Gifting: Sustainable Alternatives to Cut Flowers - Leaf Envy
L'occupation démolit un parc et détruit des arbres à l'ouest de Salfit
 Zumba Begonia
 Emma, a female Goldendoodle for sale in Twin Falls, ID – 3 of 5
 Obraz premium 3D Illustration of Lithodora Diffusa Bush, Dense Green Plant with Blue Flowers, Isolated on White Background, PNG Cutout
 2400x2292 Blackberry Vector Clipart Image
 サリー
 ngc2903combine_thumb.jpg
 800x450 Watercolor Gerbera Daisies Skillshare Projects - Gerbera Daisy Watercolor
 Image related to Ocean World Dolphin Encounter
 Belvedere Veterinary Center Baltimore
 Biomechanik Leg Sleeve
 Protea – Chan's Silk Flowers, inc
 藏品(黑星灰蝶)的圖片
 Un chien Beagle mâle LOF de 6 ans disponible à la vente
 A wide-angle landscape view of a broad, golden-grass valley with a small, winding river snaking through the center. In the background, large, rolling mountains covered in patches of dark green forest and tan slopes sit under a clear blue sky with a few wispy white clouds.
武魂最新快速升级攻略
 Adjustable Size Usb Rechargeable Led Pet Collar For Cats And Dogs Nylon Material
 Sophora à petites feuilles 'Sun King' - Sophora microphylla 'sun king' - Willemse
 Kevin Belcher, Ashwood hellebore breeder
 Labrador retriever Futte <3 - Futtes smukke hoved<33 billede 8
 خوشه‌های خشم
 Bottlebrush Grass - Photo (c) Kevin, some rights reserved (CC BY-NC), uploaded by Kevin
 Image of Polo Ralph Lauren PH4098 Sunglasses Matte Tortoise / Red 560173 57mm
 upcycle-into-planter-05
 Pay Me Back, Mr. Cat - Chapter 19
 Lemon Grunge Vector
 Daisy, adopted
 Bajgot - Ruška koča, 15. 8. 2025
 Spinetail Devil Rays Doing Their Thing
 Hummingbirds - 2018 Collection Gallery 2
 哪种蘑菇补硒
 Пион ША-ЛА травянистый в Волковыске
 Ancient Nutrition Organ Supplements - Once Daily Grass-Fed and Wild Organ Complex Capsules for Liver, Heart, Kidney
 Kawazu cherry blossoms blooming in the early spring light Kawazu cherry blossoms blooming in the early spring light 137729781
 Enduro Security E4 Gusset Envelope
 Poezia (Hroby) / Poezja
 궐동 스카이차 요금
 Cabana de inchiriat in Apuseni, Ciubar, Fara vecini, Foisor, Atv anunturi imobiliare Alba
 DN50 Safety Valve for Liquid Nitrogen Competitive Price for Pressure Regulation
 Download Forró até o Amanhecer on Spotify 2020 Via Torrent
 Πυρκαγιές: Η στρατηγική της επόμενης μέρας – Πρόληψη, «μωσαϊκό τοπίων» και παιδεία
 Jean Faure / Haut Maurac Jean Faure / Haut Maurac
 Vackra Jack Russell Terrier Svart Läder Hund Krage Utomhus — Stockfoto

· · ·

Problem statement → Leaving every word in place, output the whole listing above.

Written response →
Gifting: Sustainable Alternatives to Cut Flowers - Leaf Envy
L'occupation démolit un parc et détruit des arbres à l'ouest de Salfit
 Zumba Begonia
 Emma, a female Goldendoodle for sale in Twin Falls, ID – 3 of 5
 Obraz premium 3D Illustration of Lithodora Diffusa Bush, Dense Green Plant with Blue Flowers, Isolated on White Background, PNG Cutout
 2400x2292 Blackberry Vector Clipart Image
 サリー
 ngc2903combine_thumb.jpg
 800x450 Watercolor Gerbera Daisies Skillshare Projects - Gerbera Daisy Watercolor
 Image related to Ocean World Dolphin Encounter
 Belvedere Veterinary Center Baltimore
 Biomechanik Leg Sleeve
 Protea – Chan's Silk Flowers, inc
 藏品(黑星灰蝶)的圖片
 Un chien Beagle mâle LOF de 6 ans disponible à la vente
 A wide-angle landscape view of a broad, golden-grass valley with a small, winding river snaking through the center. In the background, large, rolling mountains covered in patches of dark green forest and tan slopes sit under a clear blue sky with a few wispy white clouds.
武魂最新快速升级攻略
 Adjustable Size Usb Rechargeable Led Pet Collar For Cats And Dogs Nylon Material
 Sophora à petites feuilles 'Sun King' - Sophora microphylla 'sun king' - Willemse
 Kevin Belcher, Ashwood hellebore breeder
 Labrador retriever Futte <3 - Futtes smukke hoved<33 billede 8
 خوشه‌های خشم
 Bottlebrush Grass - Photo (c) Kevin, some rights reserved (CC BY-NC), uploaded by Kevin
 Image of Polo Ralph Lauren PH4098 Sunglasses Matte Tortoise / Red 560173 57mm
 upcycle-into-planter-05
 Pay Me Back, Mr. Cat - Chapter 19
 Lemon Grunge Vector
 Daisy, adopted
 Bajgot - Ruška koča, 15. 8. 2025
 Spinetail Devil Rays Doing Their Thing
 Hummingbirds - 2018 Collection Gallery 2
 哪种蘑菇补硒
 Пион ША-ЛА травянистый в Волковыске
 Ancient Nutrition Organ Supplements - Once Daily Grass-Fed and Wild Organ Complex Capsules for Liver, Heart, Kidney
 Kawazu cherry blossoms blooming in the early spring light Kawazu cherry blossoms blooming in the early spring light 137729781
 Enduro Security E4 Gusset Envelope
 Poezia (Hroby) / Poezja
 궐동 스카이차 요금
 Cabana de inchiriat in Apuseni, Ciubar, Fara vecini, Foisor, Atv anunturi imobiliare Alba
 DN50 Safety Valve for Liquid Nitrogen Competitive Price for Pressure Regulation
 Download Forró até o Amanhecer on Spotify 2020 Via Torrent
 Πυρκαγιές: Η στρατηγική της επόμενης μέρας – Πρόληψη, «μωσαϊκό τοπίων» και παιδεία
 Jean Faure / Haut Maurac Jean Faure / Haut Maurac
 Vackra Jack Russell Terrier Svart Läder Hund Krage Utomhus — Stockfoto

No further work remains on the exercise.